Certo non rassicura sentirle usare l’argomento secondo cui Orbán sarebbe un fior di democratico perché rispetta la «sua Costituzione», cioè quella modificata da lui, a suo vantaggio, e sentirlo dire da una leader che in campagna elettorale ha lanciato proprio il tema della riforma costituzionale.
L’aspetto più preoccupante del modello Orbán, denunciato nel rapporto europeo contro cui hanno votato Fratelli d’Italia e Lega, sta proprio nella capacità di piegare leggi elettorali e norme costituzionali a proprio favore, così da trasformare gradualmente una democrazia in un regime, senza violare formalmente alcuna regola.

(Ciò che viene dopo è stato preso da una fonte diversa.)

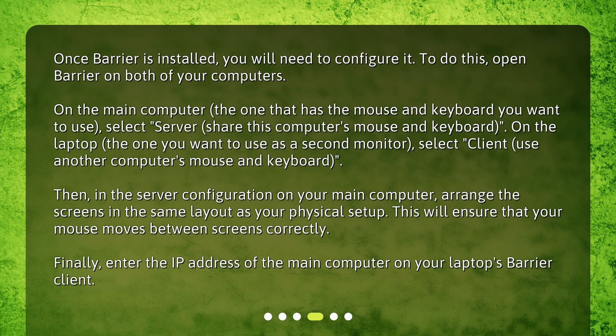Then, in the server configuration on your main computer, arrange the screens in the same layout as your physical setup. This will ensure that your mouse moves between screens correctly. Finally, enter the IP address of the main computer on your laptop's Barrier client.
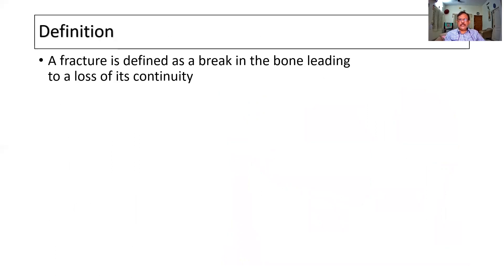What is the definition of a fracture? A fracture is simply defined as a break in the bone leading to a loss of its continuity.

Se disponi di una maggioranza sufficiente, grazie al meccanismo elettorale che hai appositamente ridisegnato a tuo vantaggio e soprattutto a danno dell’opposizione (come denuncia puntualmente il rapporto europeo), non hai bisogno di violare le leggi: ti basta cambiarle. Non ti serve nient’altro. Che bisogno c’è di corrompere i giudici, ad esempio, se sei tu a nominarli? Nel rapporto europeo, peraltro, ci sono ampi dettagli anche sui mille metodi adottati per influenzare direttamente carriere, stipendi e benefit dei magistrati, così da evitare pure il rischio che qualcuno faccia l’ingrato.
Una volta conquistata la maggioranza necessaria a cambiare la Costituzione a proprio piacimento, come è accaduto in Ungheria, si capisce che è tutta discesa. In questo senso, dire come fa la leader di Fratelli d’Italia che Orbán rispetta «la sua Costituzione» è esattissimo: la rispetta perché è proprio la sua.
Se questo è il modello cui Meloni si ispira quando parla di presidenzialismo, abbiamo dunque molte buone ragioni per preoccuparci. D’altra parte, è esattamente la ragione per cui su queste pagine, da quando col taglio populista dei parlamentari si è sferrato il primo irresponsabile colpo all’equilibrio dei poteri, abbiamo sostenuto che occorresse subito una legge elettorale proporzionale: per evitare che il vincitore di domani potesse avere la tentazione di seguire l’esempio di Orbán. Ma chi oggi grida al pericolo, come fa Enrico Letta, fino a un attimo fa preferiva offrire sponda proprio a Meloni contro il proporzionale, gridando basta con «gli inciuci» e ripetendo che chi vince deve poter governare cinque anni.
Speriamo almeno che siano solo cinque.